Why the IPCC synthesis report is necessary but not sufficient to secure a response to climate change (Skeptical Science)
http://www.skepticalscience.com/Why-the-IPCC-synthesis-report-is-necessary_The-Carbon-Brief.html#.VFZ5G2Onq9E.twitter

The combination of the IPCC working group and synthesis reports will almost certainly be used by some to argue for action and by others to say do we know enough to act now.


Lets see what the media is reporting, shall we?

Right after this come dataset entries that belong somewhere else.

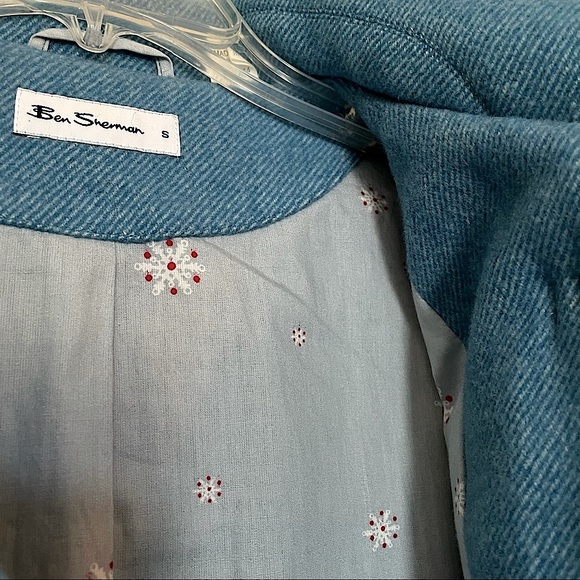 Ben Sherman Blue Wool Blend Coat Size S - Picture 7 of 16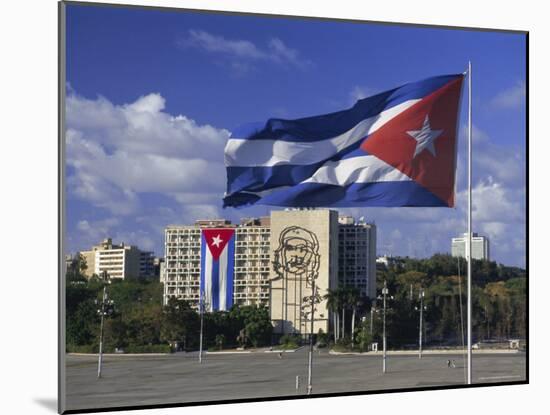 Cuban Flag Flying Outside the Ministerio Del Interior, Cuba, West Indies-Gavin Hellier-Mounted Photographic Print
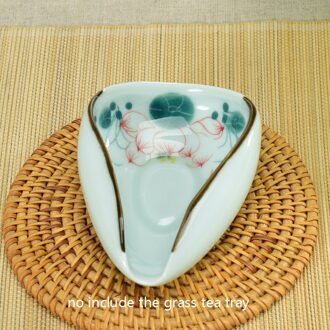Jingdezhen Handgeschilderde Vintage Lotus Keramische Thee Houder Chinese Kung Fu Thee Set Porselein Celadon Cha Hij Onder Geglazuurd Thee lepel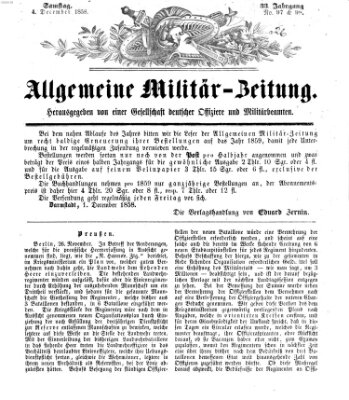 Allgemeine Militär-Zeitung Samstag 4. Dezember 1858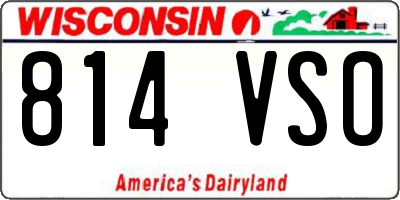 WI license plate 814VSO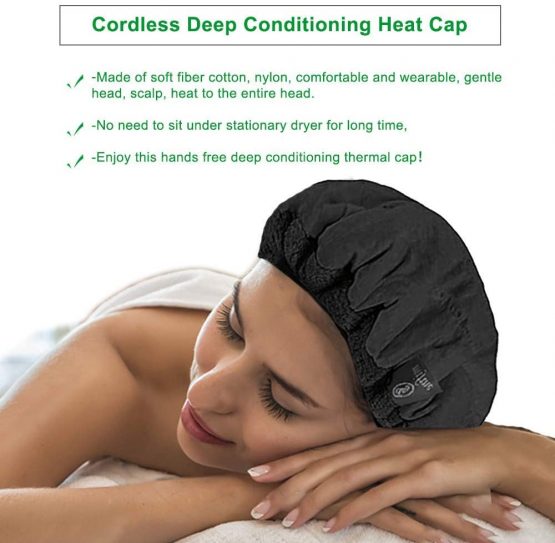 MQUPIN Deep Conditioning Heat Cap, Microwavable Thermal Cap For Hair Care with 10 Pcs Disposable Shower Caps - Image 3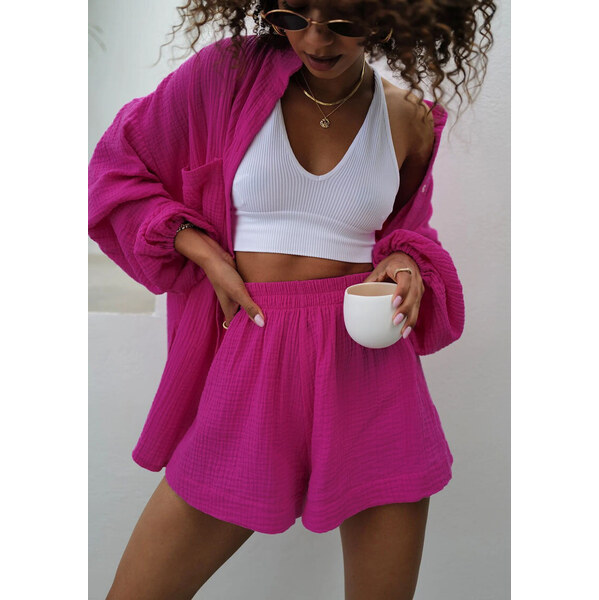 Mosquito Dámske mušelínové kraťasy Palma Magenta ružové, Farba ružová 64084203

[BBC]: Fossil fuels should be phased out by 2100 says IPCC... In the longer term, the report states that fossil fuel power generation without carbon capture and storage (CCS) technology would need to be "phased out almost entirely by 2100
http://www.bbc.com/news/science-environment-29855884

[CNN]: According to the IPCC, to stay below a 2-degree C increase, greenhouse gas emissions need to fall as much as 70% around the world by 2050 and to zero by 2100
http://www.cnn.com/2014/11/02/world/ipcc-climate-change-report/

[AP]: UN Climate Report Offers Stark Warnings, Hope... Emissions, mainly from the burning of fossil fuels, may need to drop to zero by the end of this century for the world to have a decent chance of keeping the temperature rise below a level that many consider dangerous... the word "dangerous" disappeared from the summary altogether. It appeared only twice in a longer underlying report compared to seven times in a draft produced before the Copenhagen session. The less loaded word "risk" was mentioned 65 times in the final 40-page summary

NPR: U.N.: End Greenhouse Emissions By 2100 Or Risk 'Irreversible' Damage... the world faces "severe, pervasive and irreversible" consequences if greenhouse gas emissions are not cut to zero by 2100
http://www.npr.org/blogs/thetwo-way/2014/11/02/360932486/u-n-end-greenhouse-emissions-by-2100-or-risk-irreversible-damage

[TIME]: U.N.: Phase Out Fossil Fuels By 2100 Or Face ‘Irreversible’ Climate Impact
http://time.com/3553269/un-climate-change-report/


Phew... So the party can keep going till 2100, right?
Please, tell us more about how we really should stop "alarming" the public who is barely even paying attention.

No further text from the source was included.